Records supplied section start

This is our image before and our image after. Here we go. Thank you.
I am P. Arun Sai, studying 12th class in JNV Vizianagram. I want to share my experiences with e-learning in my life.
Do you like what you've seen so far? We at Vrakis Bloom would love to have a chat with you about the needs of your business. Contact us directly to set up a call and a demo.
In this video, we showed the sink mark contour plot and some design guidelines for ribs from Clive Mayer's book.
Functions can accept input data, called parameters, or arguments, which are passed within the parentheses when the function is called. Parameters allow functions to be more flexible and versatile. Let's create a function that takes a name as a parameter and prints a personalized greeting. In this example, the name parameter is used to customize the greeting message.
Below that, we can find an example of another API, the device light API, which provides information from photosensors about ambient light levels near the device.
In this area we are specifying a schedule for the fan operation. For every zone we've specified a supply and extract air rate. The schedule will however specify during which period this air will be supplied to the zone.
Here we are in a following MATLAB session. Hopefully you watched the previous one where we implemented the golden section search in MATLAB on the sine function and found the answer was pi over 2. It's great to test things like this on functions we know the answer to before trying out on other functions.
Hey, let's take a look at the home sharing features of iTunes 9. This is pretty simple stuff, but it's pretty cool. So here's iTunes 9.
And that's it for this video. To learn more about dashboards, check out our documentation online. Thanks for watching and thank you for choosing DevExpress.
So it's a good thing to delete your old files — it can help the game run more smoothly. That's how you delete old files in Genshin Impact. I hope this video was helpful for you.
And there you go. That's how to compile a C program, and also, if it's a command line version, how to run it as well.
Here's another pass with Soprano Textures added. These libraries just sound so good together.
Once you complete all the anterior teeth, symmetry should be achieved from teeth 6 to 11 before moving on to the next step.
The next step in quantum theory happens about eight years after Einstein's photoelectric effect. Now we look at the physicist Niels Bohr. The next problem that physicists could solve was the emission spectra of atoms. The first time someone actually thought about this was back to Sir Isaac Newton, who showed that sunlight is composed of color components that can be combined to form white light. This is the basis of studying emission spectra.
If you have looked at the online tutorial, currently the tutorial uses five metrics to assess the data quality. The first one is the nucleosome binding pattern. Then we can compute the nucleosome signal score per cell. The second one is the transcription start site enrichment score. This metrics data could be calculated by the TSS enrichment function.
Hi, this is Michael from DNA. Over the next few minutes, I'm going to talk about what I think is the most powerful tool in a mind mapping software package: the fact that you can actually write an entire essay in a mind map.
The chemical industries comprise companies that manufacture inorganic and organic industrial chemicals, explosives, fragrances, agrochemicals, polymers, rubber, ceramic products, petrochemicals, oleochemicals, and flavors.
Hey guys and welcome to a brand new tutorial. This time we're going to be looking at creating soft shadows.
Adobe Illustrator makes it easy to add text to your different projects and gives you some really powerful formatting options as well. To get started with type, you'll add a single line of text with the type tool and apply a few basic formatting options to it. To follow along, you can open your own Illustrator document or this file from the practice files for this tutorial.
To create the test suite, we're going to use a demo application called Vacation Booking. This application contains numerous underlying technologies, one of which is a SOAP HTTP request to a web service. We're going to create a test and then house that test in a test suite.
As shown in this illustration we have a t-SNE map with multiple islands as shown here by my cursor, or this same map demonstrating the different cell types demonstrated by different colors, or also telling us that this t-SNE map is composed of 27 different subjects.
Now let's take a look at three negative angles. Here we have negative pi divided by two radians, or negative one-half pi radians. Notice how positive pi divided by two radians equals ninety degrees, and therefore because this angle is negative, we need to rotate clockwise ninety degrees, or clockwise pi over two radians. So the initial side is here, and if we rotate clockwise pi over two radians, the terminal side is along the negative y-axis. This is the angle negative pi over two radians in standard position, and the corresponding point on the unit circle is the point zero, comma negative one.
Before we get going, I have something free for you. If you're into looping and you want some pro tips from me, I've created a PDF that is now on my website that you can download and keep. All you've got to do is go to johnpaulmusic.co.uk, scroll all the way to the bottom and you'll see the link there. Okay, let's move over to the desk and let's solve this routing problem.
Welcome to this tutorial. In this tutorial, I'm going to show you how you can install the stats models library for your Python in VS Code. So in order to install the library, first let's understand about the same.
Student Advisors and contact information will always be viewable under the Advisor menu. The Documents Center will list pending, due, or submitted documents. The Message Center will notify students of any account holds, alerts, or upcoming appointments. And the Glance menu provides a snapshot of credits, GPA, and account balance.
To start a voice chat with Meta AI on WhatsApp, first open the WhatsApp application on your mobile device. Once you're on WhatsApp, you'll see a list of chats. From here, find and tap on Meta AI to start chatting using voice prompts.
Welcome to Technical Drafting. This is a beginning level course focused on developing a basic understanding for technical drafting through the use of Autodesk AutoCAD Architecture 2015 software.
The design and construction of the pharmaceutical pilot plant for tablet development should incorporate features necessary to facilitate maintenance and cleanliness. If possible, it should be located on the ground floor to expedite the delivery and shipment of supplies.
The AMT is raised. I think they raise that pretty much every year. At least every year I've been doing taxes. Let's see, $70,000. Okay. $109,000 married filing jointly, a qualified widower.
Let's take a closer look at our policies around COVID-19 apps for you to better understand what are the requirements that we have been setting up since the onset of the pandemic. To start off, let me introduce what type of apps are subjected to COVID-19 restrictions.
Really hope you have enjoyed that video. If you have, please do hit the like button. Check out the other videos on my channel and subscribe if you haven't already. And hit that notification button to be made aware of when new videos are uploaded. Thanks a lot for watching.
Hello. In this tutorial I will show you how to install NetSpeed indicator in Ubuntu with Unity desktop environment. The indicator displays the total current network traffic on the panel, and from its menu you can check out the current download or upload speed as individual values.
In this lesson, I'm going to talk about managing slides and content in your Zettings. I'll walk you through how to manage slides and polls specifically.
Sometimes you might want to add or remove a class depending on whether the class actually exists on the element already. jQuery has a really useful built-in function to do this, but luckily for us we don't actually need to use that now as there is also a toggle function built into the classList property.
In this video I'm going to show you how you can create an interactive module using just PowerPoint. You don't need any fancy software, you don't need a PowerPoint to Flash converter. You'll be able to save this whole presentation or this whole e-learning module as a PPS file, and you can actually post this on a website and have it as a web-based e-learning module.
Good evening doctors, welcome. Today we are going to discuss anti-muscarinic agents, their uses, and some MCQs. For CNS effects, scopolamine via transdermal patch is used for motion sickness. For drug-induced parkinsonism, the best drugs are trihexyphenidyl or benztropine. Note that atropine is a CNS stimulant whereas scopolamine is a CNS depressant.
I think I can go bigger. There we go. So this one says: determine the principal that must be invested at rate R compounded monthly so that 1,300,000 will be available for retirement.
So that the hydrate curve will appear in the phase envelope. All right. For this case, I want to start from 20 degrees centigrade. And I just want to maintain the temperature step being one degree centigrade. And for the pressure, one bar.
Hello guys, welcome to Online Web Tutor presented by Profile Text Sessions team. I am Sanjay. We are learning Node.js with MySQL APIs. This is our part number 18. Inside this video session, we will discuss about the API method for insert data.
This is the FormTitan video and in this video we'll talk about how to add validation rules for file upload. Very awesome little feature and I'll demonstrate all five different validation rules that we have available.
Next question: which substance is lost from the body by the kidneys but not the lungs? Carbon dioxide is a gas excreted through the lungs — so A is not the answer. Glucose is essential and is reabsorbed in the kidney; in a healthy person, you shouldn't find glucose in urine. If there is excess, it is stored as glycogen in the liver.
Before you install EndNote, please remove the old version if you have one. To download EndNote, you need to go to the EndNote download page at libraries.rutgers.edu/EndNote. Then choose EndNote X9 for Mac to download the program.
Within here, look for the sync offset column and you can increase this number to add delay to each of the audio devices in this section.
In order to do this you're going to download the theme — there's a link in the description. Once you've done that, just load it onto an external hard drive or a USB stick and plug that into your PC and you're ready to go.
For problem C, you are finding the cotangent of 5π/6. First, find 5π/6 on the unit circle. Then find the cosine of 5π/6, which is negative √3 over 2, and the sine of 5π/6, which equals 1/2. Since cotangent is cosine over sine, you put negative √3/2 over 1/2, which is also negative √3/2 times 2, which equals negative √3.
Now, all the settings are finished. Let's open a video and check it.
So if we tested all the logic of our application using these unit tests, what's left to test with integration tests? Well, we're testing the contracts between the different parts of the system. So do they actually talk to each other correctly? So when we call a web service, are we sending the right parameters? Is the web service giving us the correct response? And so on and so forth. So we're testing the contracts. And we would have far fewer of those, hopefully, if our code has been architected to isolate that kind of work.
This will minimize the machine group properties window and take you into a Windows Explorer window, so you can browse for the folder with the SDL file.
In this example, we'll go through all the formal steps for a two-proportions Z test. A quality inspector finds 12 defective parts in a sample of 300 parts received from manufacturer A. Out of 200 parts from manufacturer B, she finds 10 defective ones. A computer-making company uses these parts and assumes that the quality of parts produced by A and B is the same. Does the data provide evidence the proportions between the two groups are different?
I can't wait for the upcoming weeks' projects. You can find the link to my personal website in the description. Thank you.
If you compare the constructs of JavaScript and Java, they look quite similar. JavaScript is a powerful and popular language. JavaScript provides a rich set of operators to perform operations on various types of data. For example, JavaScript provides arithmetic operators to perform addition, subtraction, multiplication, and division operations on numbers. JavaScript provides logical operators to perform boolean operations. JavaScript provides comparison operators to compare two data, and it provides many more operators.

Records supplied section end

What to work on
Your reply should hold every line from the data that contains "when", copied in full.

Final answer
Functions can accept input data, called parameters, or arguments, which are passed within the parentheses when the function is called. Parameters allow functions to be more flexible and versatile. Let's create a function that takes a name as a parameter and prints a personalized greeting. In this example, the name parameter is used to customize the greeting message.
Really hope you have enjoyed that video. If you have, please do hit the like button. Check out the other videos on my channel and subscribe if you haven't already. And hit that notification button to be made aware of when new videos are uploaded. Thanks a lot for watching.
So if we tested all the logic of our application using these unit tests, what's left to test with integration tests? Well, we're testing the contracts between the different parts of the system. So do they actually talk to each other correctly? So when we call a web service, are we sending the right parameters? Is the web service giving us the correct response? And so on and so forth. So we're testing the contracts. And we would have far fewer of those, hopefully, if our code has been architected to isolate that kind of work.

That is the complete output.